Is the Multiverse Where Originality Goes to Die?

Multiversal superhero comics launched new kinds of plots: heroes could now team up across worlds, like rock-and-roll supergroups, and so could bad guys. But a multiverse can get so crowded with alternate realities that each one starts to lose its significance. A 1964 Justice League comic introduced Earth-3, “where every super-being is a criminal,” and DC Comics eventually manufactured dozens of alternate Earths. Then, in 1985, editors at DC decided to simplify. “Crisis on Infinite Earths,” written and drawn by the industry-leading team of Marv Wolfman and George Pérez, visited oblivion on Earth after Earth until just one, with one Superman, remained. Overlong, with ultra-high stakes on every page, “Crisis on Infinite Earths” makes tough reading today, though the line art by Pérez (who died in 2022) holds up beautifully. In one array of parallel panels, heroes watch entire worlds fade into the emptiness of the white page. The single remaining Earth, for a while, evokes Leinster’s “Sidewise in Time”: the Empire State Building shares a city with dinosaurs, biplanes, and “Jetsons”-style futurism, and we witness “the past and future merging with the present, creating impossible anomalies.” Later in the story, heroes try to traverse the multiverse by running on the Flash’s “cosmic treadmill.”

Marvel Comics began to assemble its own alternate Earths in the seventies, and they have piled up over the years: Earth-616, Earth-811, Earth-1191. DC, for its part, orchestrated “Crisis” after “Crisis”—“Zero Hour: Crisis in Time!,” “Infinite Crisis,” “Final Crisis,” and so on—merging, destroying, and remaking its multiverses again and again to accommodate new slates of characters, some of them acquired from other publishers. Black Adam, an ancient Egyptian with magical powers and the antihero in the 2022 story line, “Dark Crisis on Infinite Earths,” entered DC Comics as a resident of Earth-S, along with Billy Batson, a.k.a. Captain Marvel or Shazam, who originally appeared in Fawcett comics. Shazam got his own big-budget film in 2019. In October, Black Adam got one, too, starring Dwayne (the Rock) Johnson.

The multiverse first appeared in fiction as a plot device or a philosophical notion that could power interesting stories. But in the second half of the twentieth century multiplexes multiplied, superhero films found commercial success, and franchises that returned to popular heroes, such as James Bond or Luke Skywalker, dominated the box office. Against this backdrop, the multiverse evolved from a storytelling tool to a business tactic, one of several that enable vast entertainment companies to recycle beloved characters.
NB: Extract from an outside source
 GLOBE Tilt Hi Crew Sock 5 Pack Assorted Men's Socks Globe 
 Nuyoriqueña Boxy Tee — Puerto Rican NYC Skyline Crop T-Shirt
The multiverse may be one of the reasons that the critic and writer Elizabeth Sandifer decries “the Marvelization of all things.” Francis Ford Coppola has made a similar complaint: “A Marvel picture is one prototype movie that is made over and over and over and over and over again to look different.” According to Martin Scorsese, these big-budget movies displace real works of art: “In many places around this country and around the world, franchise films are now your primary choice if you want to see something on the big screen.”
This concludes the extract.